In the island of Amorgos, the podariko honors go to the man of the house (sorry ladies) or the first born spoiled son who must enter the home while holding an icon. They walk a few steps forward and say “Mesa Kalo” and then pivot walk back and say “Ekso Kako” and repeat three times (of course). What follows is the breaking of a pomegranate with its many seeds on the floor which is regarded as a symbol of fertility, prosperity, abundance and generosity followed by a teaspoon of honey for all so that the upcoming year will be full of sweetness.

In the island of Karpathos, they do something which is right up my ally. A white dog does the podariko and is given baklava as a treat with the idea that the dog will act mad thus giving strength to those that live there. Now if that wasn’t thought up by someone high on acid I don’t know what else to say.

Nursing a bad hangover with a pot of coffee and a pack of cigarettes my daughters sit my wife and I down on New Year’s Day and give us grief for not answering their texts at 4 in the morning. The kids were home alone worried while the wife and I were out partying. I told them that if they didn’t stop yelling at us, we would move out of the house.

Now it’s time for the Vasilopita cutting ritual which didn’t turn out as planned either and the family was not happy because the coin went to my all white hunting dog. The house was probably also disappointed, but the dog won the coin fair and square. Jesus got his piece followed by the Virgin Mary, and then the rest of the family followed.

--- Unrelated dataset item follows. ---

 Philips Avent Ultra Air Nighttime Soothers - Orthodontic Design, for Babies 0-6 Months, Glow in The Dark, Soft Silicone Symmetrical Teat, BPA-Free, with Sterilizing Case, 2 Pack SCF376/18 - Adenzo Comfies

The problem was that I didn’t manage the cutting properly because I used the Greek pizza cutting technique where you start with a knife down the middle and then cut into quarters then eighths and so on which resulted in sixteen pieces when I needed only seven. Now what?

I even started naming dead relatives to complete the process, and I still had some unclaimed pieces.

Named after Άγιο Βασίλη (Saint Basil), whose name day is also celebrated on January 1, the vasilopita goes way back to pre-Christian times and the Romans. The Christians adopted it in the saint’s honor. It seems to me like Agios Vasilis and Santa Claus are headed for a pay per view steel cage match in the not too distant future.

The annual card game is also a tradition that is commonplace on New Years in many Greek homes, and I lost money there also. It’s the day that every Greek gambler lives for because on that day and that day only he can come out of his shell to bring in the new year with “luck” by feeding his gambling addiction.

Well that was my New Year’s Day, and I’m already looking forward to giving my dog baklava next year, and I made a New Year’s promise to my daughters that I won’t ignore their texts anymore.